→ Exercise input:

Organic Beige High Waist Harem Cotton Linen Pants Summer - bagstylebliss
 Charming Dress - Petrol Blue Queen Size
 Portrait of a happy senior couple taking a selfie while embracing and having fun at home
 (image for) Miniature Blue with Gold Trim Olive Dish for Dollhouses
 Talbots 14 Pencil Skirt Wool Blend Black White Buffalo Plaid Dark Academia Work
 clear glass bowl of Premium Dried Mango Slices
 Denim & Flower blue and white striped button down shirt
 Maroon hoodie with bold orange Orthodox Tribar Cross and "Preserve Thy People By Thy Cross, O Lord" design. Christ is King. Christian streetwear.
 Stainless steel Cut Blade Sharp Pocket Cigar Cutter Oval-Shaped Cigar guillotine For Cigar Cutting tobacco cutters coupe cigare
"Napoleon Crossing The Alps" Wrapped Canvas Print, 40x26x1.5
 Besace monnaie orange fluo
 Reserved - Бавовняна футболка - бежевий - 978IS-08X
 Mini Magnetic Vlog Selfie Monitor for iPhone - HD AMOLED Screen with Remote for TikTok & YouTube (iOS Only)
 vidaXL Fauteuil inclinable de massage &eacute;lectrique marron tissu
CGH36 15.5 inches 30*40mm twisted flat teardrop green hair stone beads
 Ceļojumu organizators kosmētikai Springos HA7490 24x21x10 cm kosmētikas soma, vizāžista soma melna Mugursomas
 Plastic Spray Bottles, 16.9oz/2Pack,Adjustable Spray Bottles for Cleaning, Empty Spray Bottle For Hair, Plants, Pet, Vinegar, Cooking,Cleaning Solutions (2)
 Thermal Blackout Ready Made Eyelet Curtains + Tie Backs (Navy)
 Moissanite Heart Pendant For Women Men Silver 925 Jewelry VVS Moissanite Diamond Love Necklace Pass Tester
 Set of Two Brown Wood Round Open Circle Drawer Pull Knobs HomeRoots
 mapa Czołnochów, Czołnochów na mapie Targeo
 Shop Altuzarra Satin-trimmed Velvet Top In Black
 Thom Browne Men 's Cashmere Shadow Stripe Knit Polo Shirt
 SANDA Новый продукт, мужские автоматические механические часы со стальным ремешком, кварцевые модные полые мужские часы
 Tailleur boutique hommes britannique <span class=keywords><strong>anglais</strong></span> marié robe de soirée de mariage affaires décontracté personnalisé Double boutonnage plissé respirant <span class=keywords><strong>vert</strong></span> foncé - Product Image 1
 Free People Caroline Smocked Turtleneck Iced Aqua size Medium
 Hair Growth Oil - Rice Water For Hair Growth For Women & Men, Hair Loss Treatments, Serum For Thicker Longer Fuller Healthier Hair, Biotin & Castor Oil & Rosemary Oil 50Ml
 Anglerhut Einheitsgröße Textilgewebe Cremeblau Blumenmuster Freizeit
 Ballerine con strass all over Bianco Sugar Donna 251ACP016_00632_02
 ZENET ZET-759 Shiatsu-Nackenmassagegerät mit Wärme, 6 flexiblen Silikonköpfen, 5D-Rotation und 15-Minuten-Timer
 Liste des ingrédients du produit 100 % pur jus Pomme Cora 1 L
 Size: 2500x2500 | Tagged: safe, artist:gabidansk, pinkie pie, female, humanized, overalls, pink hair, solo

→ Activity:
Show every line of the entries above where the word "Women" occurs.

→ Expected answer:
 Moissanite Heart Pendant For Women Men Silver 925 Jewelry VVS Moissanite Diamond Love Necklace Pass Tester
 Hair Growth Oil - Rice Water For Hair Growth For Women & Men, Hair Loss Treatments, Serum For Thicker Longer Fuller Healthier Hair, Biotin & Castor Oil & Rosemary Oil 50Ml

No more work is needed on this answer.